Discrete reinforcement learning (RL) algorithms have demonstrated exceptional
performance in solving sequential decision tasks with discrete action spaces,
such as Atari games. However, their effectiveness is hindered when applied to
continuous control problems due to the challenge of dimensional explosion. In
this paper, we present the Soft Decomposed Policy-Critic (SDPC) architecture,
which combines soft RL and actor-critic techniques with discrete RL methods to
overcome this limitation.

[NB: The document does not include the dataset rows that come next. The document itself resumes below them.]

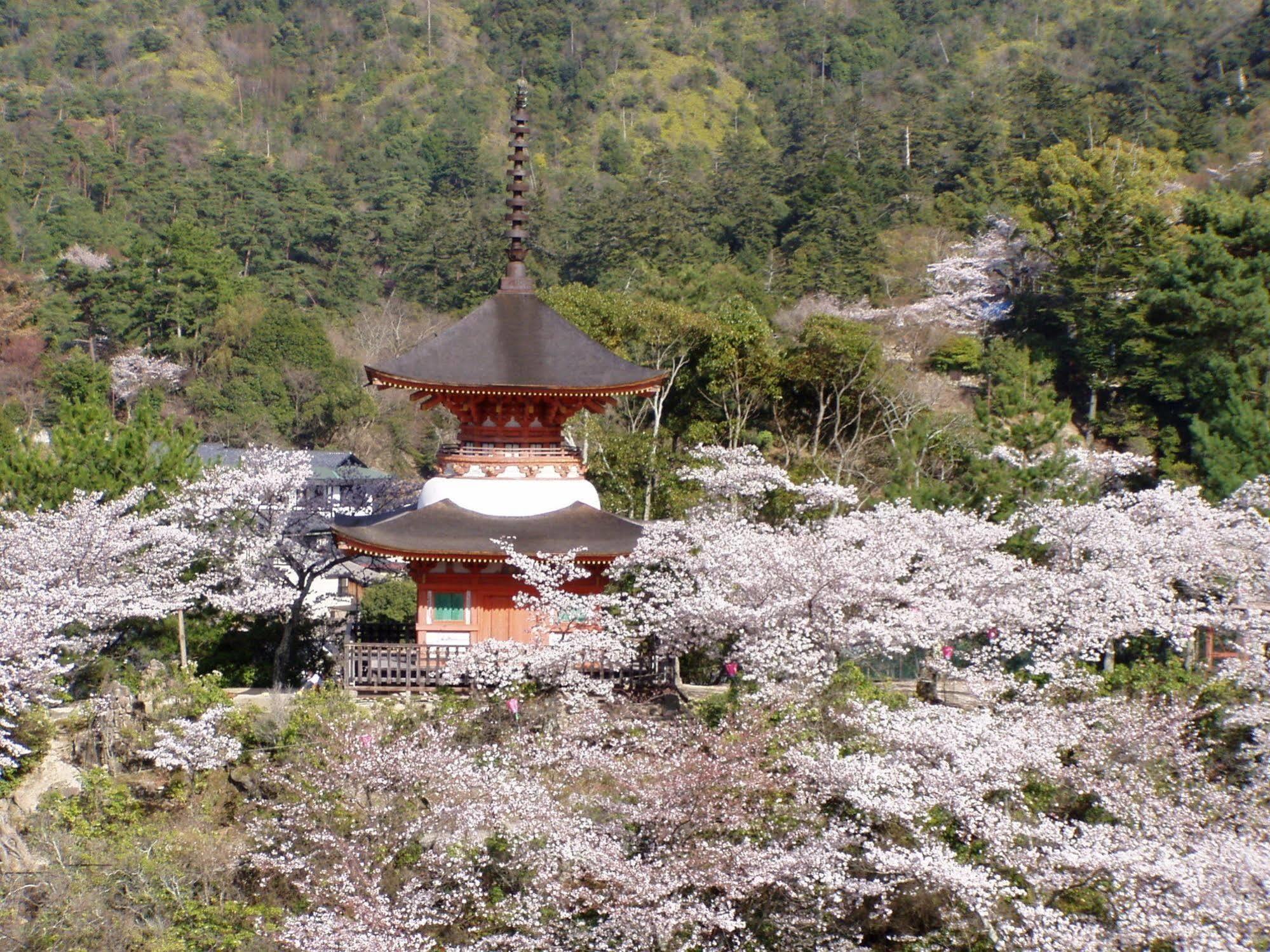 Miyajima Hotel Makoto Hatsukaichi Zewnętrze zdjęcie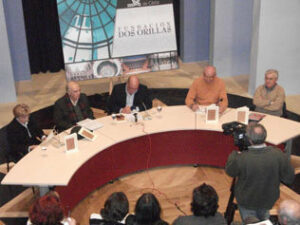 El Kursaal ha sido escenario este viernes de la presentación de la revista Speculum, del Club de Letras de la Universidad de Cádiz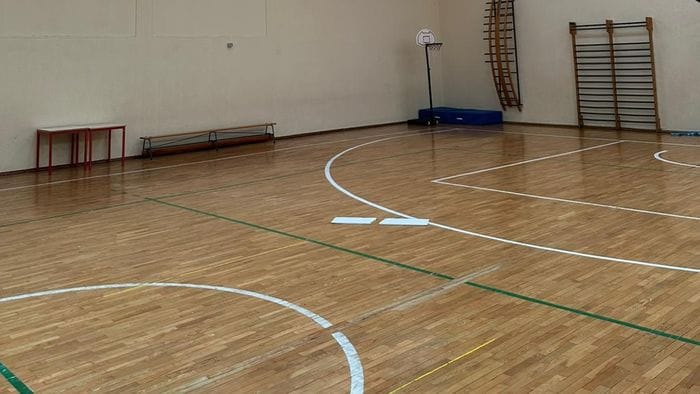 Cadono pannelli in palestra. Quasi colpite due ragazzine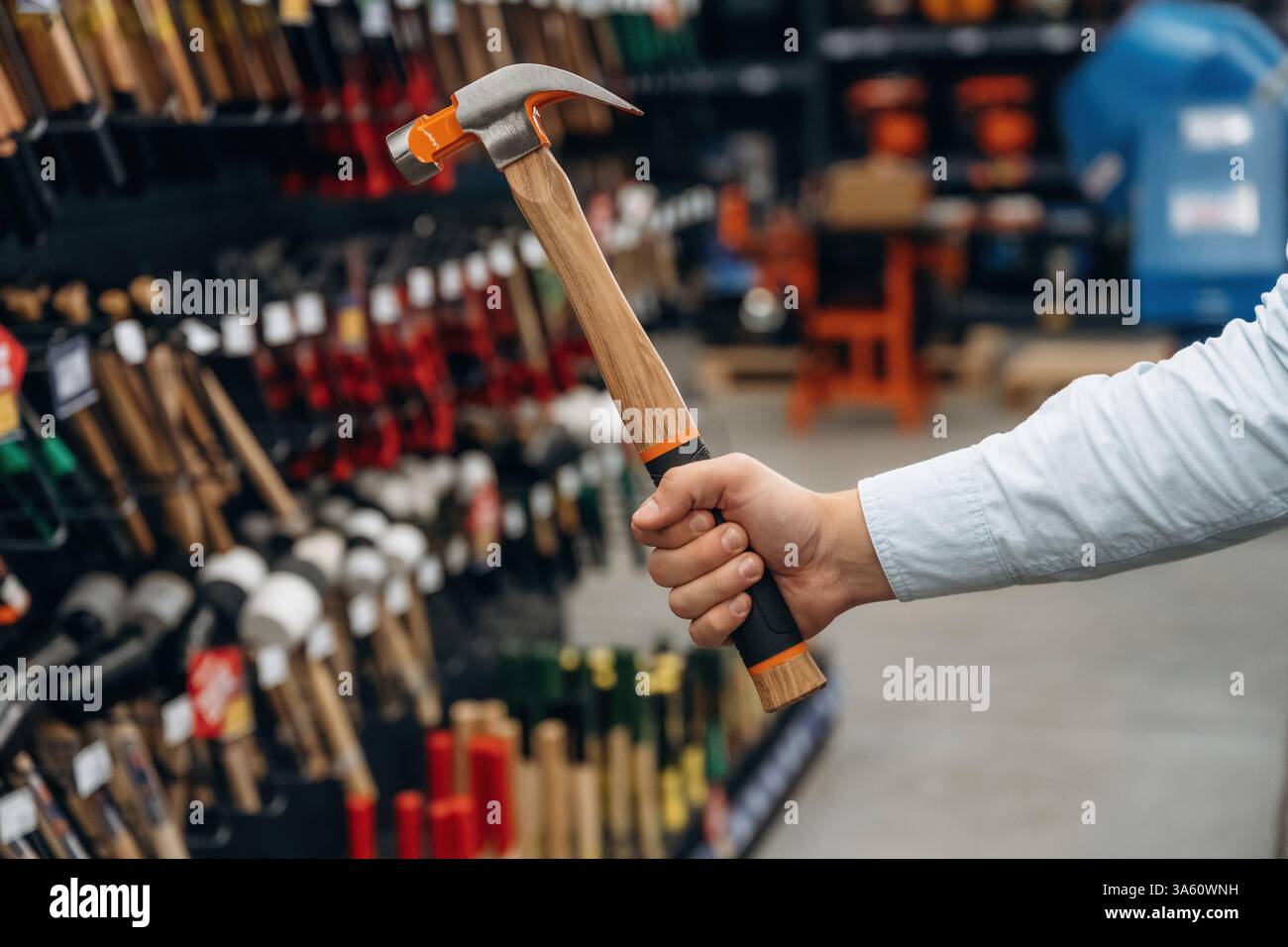 Haltehammer. Detaillierte Nahaufnahme der Hand des Mannes im Baumarkt. Stockfoto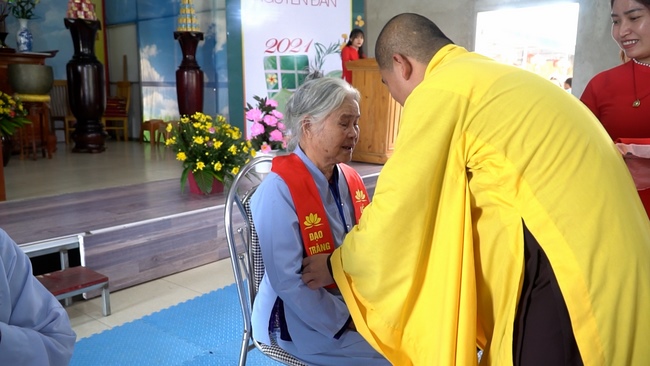 The Rite Wishing Longevity for the Elderly in Yen Phap ashram
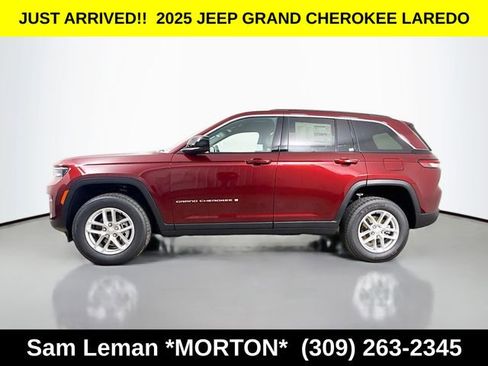 New 2025 Jeep Grand Cherokee Laredo w/ Luxury Tech Group I image 4
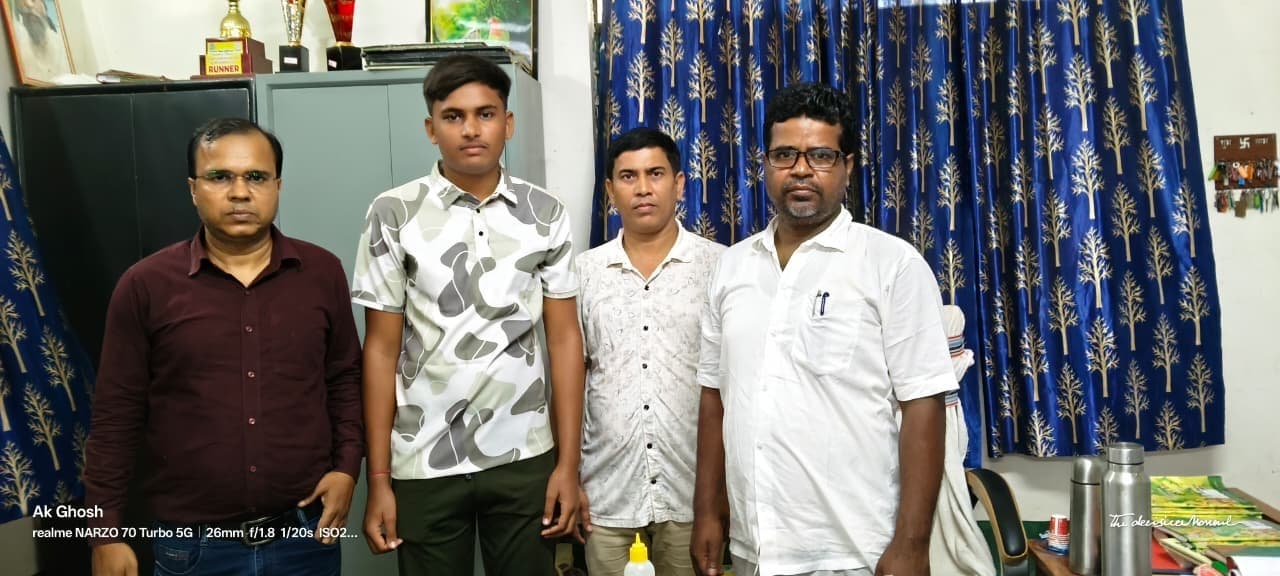 विष्णु मंडल का एग्रीकल्चर में हुआ चयन, लोगों ने दी बधाई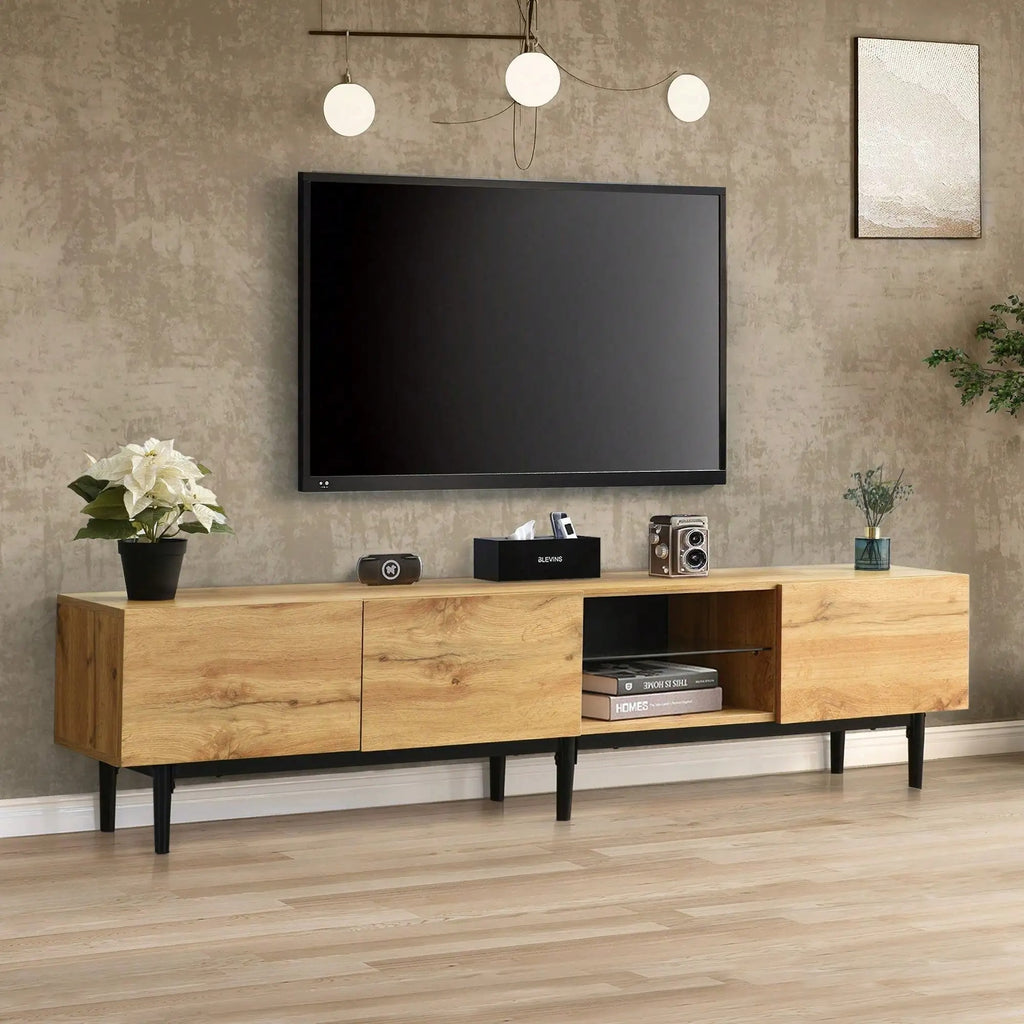 salon.pngMeuble TV Kael 175 cm à faible profondeur dans un salon moderne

SDPC discretizes each action dimension independently
and employs a shared critic network to maximize the soft $Q$-function. This
novel approach enables SDPC to support two types of policies: decomposed actors
that lead to the Soft Decomposed Actor-Critic (SDAC) algorithm, and decomposed
$Q$-networks that generate Boltzmann soft exploration policies, resulting in
the Soft Decomposed-Critic Q (SDCQ) algorithm. Through extensive experiments,
we demonstrate that our proposed approach outperforms state-of-the-art
continuous RL algorithms in a variety of continuous control tasks, including
Mujoco's Humanoid and Box2d's BipedalWalker. These empirical results validate
the effectiveness of the SDPC architecture in addressing the challenges
associated with continuous control.

这篇论文介绍了 SDPC 架构，它将软强化学习和演员 - 评论家技术与离散强化学习方法相结合，以克服连续控制问题的挑战，实现了在多个连续控制任务中优于当前最先进的方法的表现。